- The IRS provided a two-year administrative transition period delaying the required implementation of the SECURE 2.0 Act’s rule mandating high-paid participants to designate catch-up contributions as Roth contributions, which previously needed to be implemented in 2024
- Plans may continue to offer or not offer designated Roth contributions and catch-up contributions without the new Roth catch-up contribution requirement applicable to high-paid participants until 2026
- The IRS intends to issue future guidance on implementing the required Roth catch-up contribution for high-paid participants
The Internal Revenue Service (IRS) has issued guidance in Notice 2023-62 delaying the mandatory Roth IRA catch-up contribution requirement for high-paid participants until 2026. The SECURE 2.0 Act (Consolidated Appropriations Act, 2023) required plan participants earning over $145,000 in prior-year FICA wages to designate any catch-up contributions as Roth contributions beginning in 2024. In essence, this new rule prohibited high-income earners, ages 50 and over, from making catch-up contributions as pre-tax contributions.
The Notice permits an administrative transition period through Dec. 31, 2025 for implementing the new Roth catch-up contribution rule. Accordingly, until Jan. 1, 2026, catch-up contributions may continue to be made under the pre-SECURE 2.0 Act rules.
A plan that does not offer high-paid participants the option to designate catch-up contributions as Roth contributions will not violate the new Roth catch-up contribution rule until after this administrative transition period ends. This means that, until 2026, plans may continue to operate without applying the new requirement for highly paid employees to designate catch-up contributions as Roth contributions.
Guidance on the implementation of the required Roth catch-up contributions for high-paid participants is anticipated from the IRS, as indicated in the Notice. The guidance is expected to address open issues such as: 1) treatment of plan participants who did not have FICA wages with their employer in the preceding calendar year; 2) treatment of a high-paid participant’s election to make pre-tax catch-up contributions as an election to make Roth catch-up contributions; and 3) in determining high-paid participant status, treatment of wages paid by individual employers who participate in a plan maintained by several unrelated employers where a participant’s wages from one participating employer would not be aggregated with wages from another participating employer.
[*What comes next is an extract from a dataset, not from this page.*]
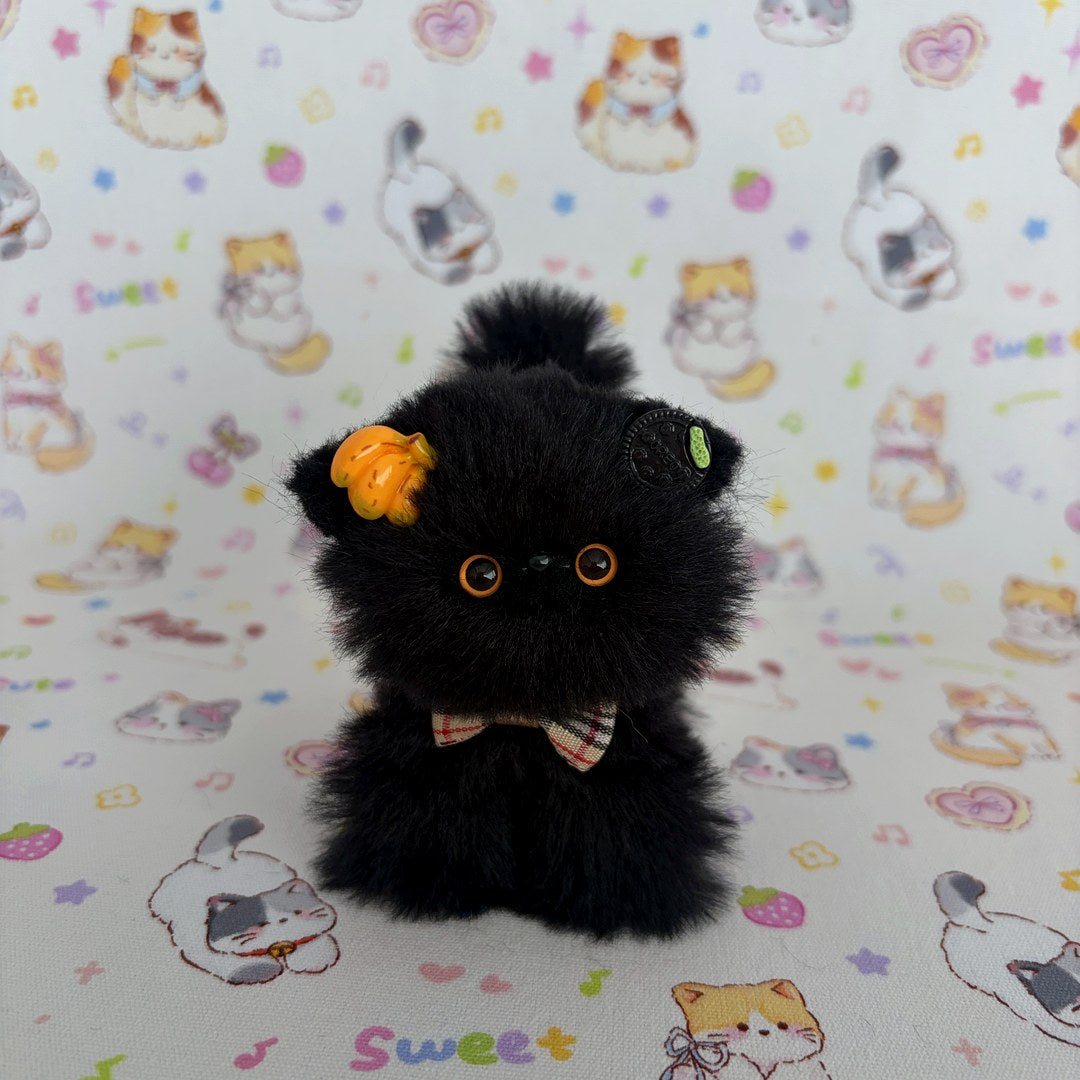 Black Kitten Collection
The Notice also resolves a potential drafting issue in the SECURE 2.0 Act, which some practitioners interpreted as eliminating catch-up contributions all together prospectively. The IRS has confirmed that such interpretation is incorrect.
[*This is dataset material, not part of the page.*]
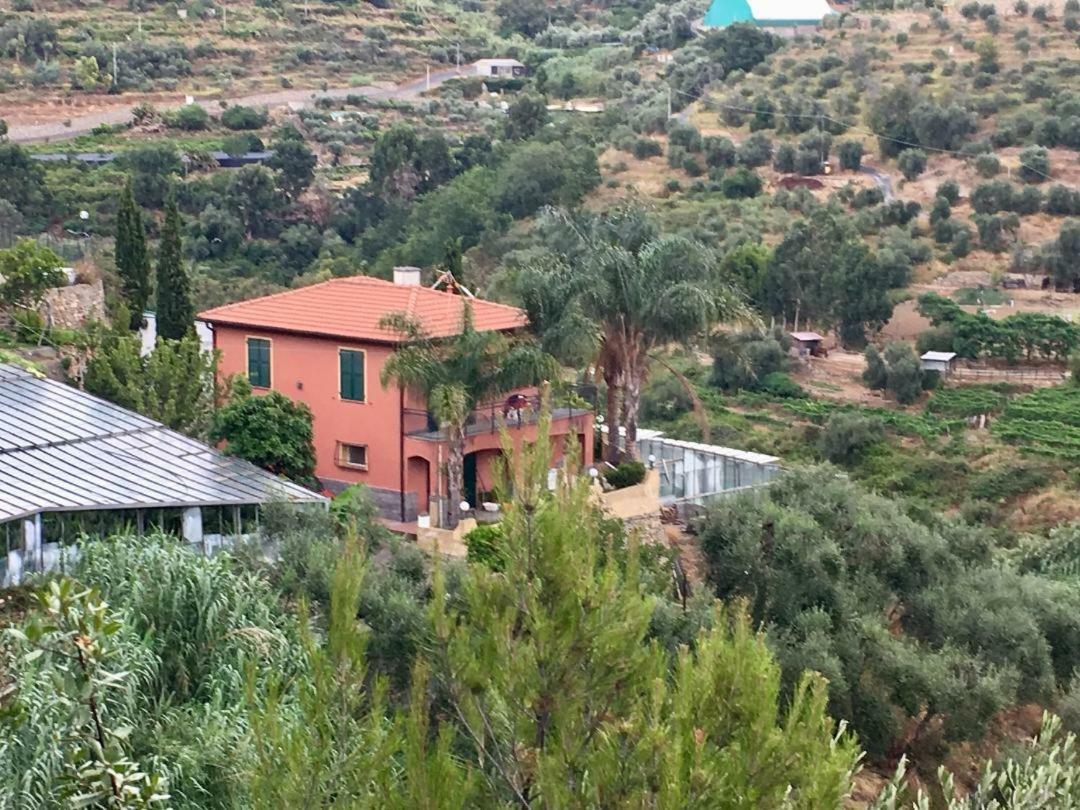 La Casa Del Podere Castellaro  Extérieur photo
The implementation of these required Roth catch-up contributions for high-paid participants in such a short time period presented a challenge for third-party administrators, payroll providers, and plan sponsors. Fortunately, the two-year administrative transition period allows service providers and plan sponsors more time to make modifications to systems and processes. Despite this reprieve, plan sponsors should consider working with service providers and employee benefits counsel on future implementation of this new rule and the related plan amendment and participant communications.